Frédéric Métézeau, le chef du service politique de France Inter, décrypte la campagne et aujourd'hui les enquêtes d'opinion

Doit-on jeter les sondages à la poubelle ?
Doit-on jeter les sondages à la poubelle ? © Radio France

Oui les institutes de sondages se sont trompés. Aucun sondage n'avait envisagé avec exactitude le tiercé Fillon, Juppé, Sarkozy et encore moins les scores respectifs des candidats. Bien sûr les instituts sérieux avaient noté une poussée de François Fillon - c'est le cas d'IPSOS et d'Odoxa avec lesquels France Inter travaille régulièrement -, une dynamique enclenchée mi-octobre après les débats télévisés. Il y a une semaine tout juste, IPSOS pour Le Monde donnait Fillon à 30 et Alain Juppéet Nicolas Sarkozy à 29 chacun, mais l'on était dans les marges d'erreur et l'ordre d'arrivée n'était pas garanti. 30, 29, 29 le samedi et 44, 28, 21 le dimanche. Il y a quand même un monde.

Deuxième erreur des sondages : ils n'ont pas entrevu la dégringolade de Nicolas Sarkozy. S l'on regarde les sondages IPSOS réalisés pour Le Monde et le CEVIPOF de sciences Po depuis janvier, Nicolas Sarkozy est resté étal, assez stable. Rien ne laissait envisager cette chute, tout au plus Gaël Sliman d'ODOXA estimait-il, 24 heures avant le scrutin dans une interview au Télégramme : "celui qui peut être menacé, c'est Sarkozy".

Troisième erreur : aucun ne voyait Bruno Le Maire si bas à 2,4% et cinquième derrière Nathalie Kosciusko-Morizet, alors qu'il avait presque toujours été crédité d'un score à deux chiffres.

En revanche, les instituts avaient vu juste en matière de participation. Autour de 4 millions de votants.

Que disent les sondeurs quand on leur demande des explications ?

Nos deux interlocuteurs réguliers sur France Inter, Brice Teinturier d'IPSOS et Gaël Sliman d'ODOXA, martèlent qu'un sondage est une photo à un instant donné et qu'il n'a rien de prédictif. Ils expliquent qu'en matière de primaire, l'électorat est beaucoup plus "fluide". Passer en 24 heures de la droite au PS ou du PS au FN c'est possible mais pas commun. En revanche dans la primaire d'une famille politique, on peut changer de candidat beaucoup plus facilement, et jusqu'au dernier moment, sans avoir l'impression de trahir ou de se renier. Fillon, Juppé, Sarkozy, NKM, Le Maire, Poisson, Copé, ça reste la droite, comme Hollande Aubry Montebourg Royal et Valls, ça restait la gauche. La "fongibilité" des électeurs est donc beaucoup plus forte dans une primaire que dans un scrutin national.
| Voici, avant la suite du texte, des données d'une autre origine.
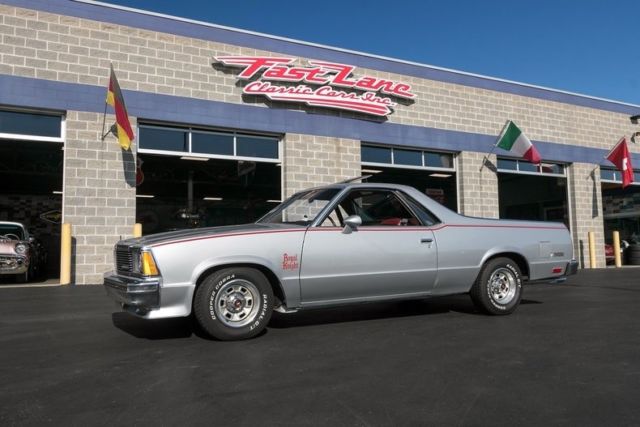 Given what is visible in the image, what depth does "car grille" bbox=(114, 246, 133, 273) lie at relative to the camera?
5055 mm

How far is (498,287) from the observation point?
254 inches

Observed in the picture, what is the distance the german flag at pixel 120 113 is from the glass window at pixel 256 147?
2.79 meters

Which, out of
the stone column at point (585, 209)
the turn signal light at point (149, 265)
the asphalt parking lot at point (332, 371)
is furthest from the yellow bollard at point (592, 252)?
the turn signal light at point (149, 265)

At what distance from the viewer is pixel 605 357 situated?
4.37m

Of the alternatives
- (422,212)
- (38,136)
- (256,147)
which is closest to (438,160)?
(256,147)

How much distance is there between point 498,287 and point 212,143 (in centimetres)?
814

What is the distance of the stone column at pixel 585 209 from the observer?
17.6 metres

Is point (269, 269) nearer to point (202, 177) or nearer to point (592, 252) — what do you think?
point (592, 252)

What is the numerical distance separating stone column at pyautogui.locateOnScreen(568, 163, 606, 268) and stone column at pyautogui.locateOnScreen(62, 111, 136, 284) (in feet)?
47.1

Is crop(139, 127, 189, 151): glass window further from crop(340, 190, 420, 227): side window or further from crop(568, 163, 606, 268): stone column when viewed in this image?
crop(568, 163, 606, 268): stone column

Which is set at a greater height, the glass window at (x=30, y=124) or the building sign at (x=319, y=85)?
the building sign at (x=319, y=85)

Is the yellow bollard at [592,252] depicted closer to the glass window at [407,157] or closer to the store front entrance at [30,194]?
the glass window at [407,157]

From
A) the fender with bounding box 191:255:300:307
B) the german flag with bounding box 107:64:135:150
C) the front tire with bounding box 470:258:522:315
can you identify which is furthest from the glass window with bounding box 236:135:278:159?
the fender with bounding box 191:255:300:307

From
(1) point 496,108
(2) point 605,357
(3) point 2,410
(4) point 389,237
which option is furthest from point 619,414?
(1) point 496,108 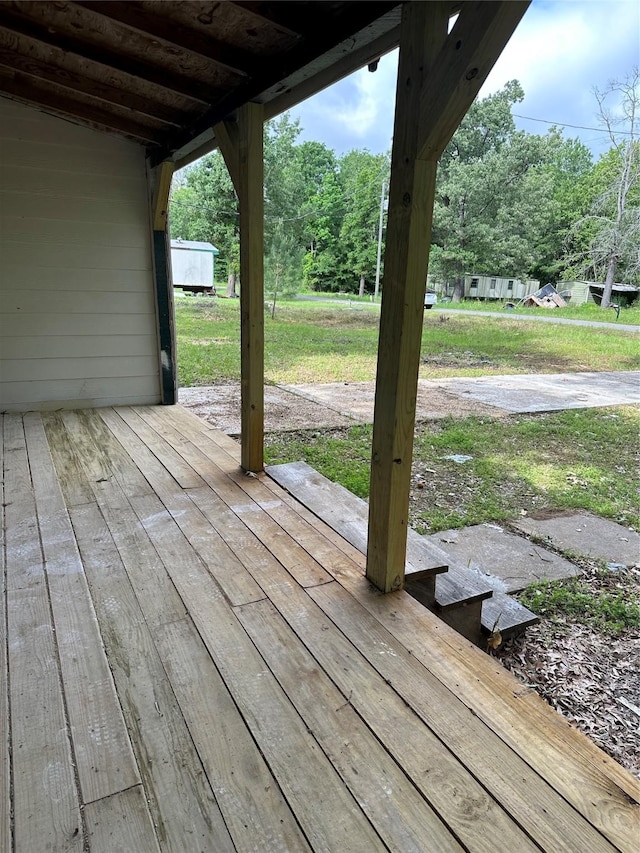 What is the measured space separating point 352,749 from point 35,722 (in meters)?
0.80

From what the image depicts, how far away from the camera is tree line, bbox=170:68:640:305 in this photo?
15586mm

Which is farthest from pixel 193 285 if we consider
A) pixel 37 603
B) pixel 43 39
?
pixel 37 603

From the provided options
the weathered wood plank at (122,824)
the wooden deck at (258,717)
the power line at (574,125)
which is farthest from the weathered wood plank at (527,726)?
the power line at (574,125)

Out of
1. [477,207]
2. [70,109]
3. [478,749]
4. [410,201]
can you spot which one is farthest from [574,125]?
[478,749]

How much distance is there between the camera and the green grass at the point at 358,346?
7.93 meters

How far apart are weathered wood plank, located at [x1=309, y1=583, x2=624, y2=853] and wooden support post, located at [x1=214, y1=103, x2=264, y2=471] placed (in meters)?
1.47

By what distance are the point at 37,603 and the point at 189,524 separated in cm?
74

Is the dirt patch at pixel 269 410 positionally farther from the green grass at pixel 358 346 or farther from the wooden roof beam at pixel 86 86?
the wooden roof beam at pixel 86 86

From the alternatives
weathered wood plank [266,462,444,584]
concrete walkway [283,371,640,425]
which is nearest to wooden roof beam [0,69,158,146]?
weathered wood plank [266,462,444,584]

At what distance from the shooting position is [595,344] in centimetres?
1163

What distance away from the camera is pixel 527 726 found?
132cm

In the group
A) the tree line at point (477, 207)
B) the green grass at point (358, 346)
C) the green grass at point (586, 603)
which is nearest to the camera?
the green grass at point (586, 603)

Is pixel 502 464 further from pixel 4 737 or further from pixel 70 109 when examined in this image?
pixel 70 109

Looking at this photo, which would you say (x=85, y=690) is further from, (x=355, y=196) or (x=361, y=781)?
(x=355, y=196) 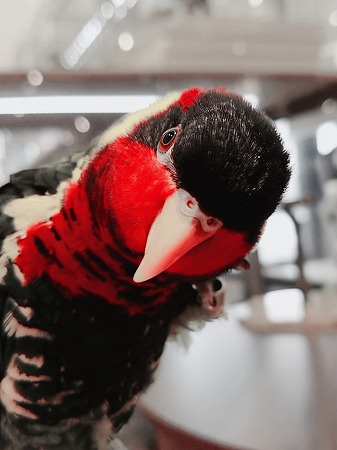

Autre élément de réflexion, c'est Martial Foucaud, directeur du Centre d'Etudes de la Vie Politique Française de Sciences Po qui avance cette hypothèse : le vote caché. Comment tenir compte de cette France qui passe sous les radars ? Comme cette Amérique et cette Angleterre passés sous les radars lors de la présidentielle Trump-Clinton et du référendum sur le Brexit.

Alors on jette les sondages ? Plus de sondages pour les élections primaires ?

Surtout pas. Mais il faut cesser de les considérer comme l'instrument de mesure principal voire unique de l'état d'une l'opinion publique toujours plus volatile saturée d'informations plus ou moins fiables entre les médias traditionnels et les réseaux sociaux.

Pour prendre le pouls du pays il y a les reportages des journalistes sur le terrain qui parfois sentent mieux les mouvements de fonds, ou plus tôt, c'était le cas aux Etats-Unis, c'était le cas sur cette primaire.

Tout reste à inventer nous dit Martial Foucault, chercheur à Sciences Po, les sciences humaines restent centrales, la capacité à détecter les signaux faibles également. Et puis cessons, nous journalistes et commentateurs, d'accorder une place aussi importante, aussi centrale aux sondages. Intéressons-nous plus attentivement aux tendances longues, étudions à les fiches techniques des sondages (combien de personnes sondées, quelles caractéristiques de l'échantillon etc) et donc multiplions les indicateurs. Comme le vin il faut sélectionner soigneusement les sondages et toujours les consommer avec modération.